◆ **ABOUT THIS EXERCISE**: Search the material below for the string "with" and copy each line where it appears.

EXERCISE DATA Start Marker

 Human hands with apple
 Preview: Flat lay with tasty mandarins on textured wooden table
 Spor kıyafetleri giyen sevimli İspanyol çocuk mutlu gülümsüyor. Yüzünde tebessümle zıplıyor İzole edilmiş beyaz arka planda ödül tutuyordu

EXERCISE DATA End Marker

◆ **WRITTEN ANSWER**:
 Human hands with apple
 Preview: Flat lay with tasty mandarins on textured wooden table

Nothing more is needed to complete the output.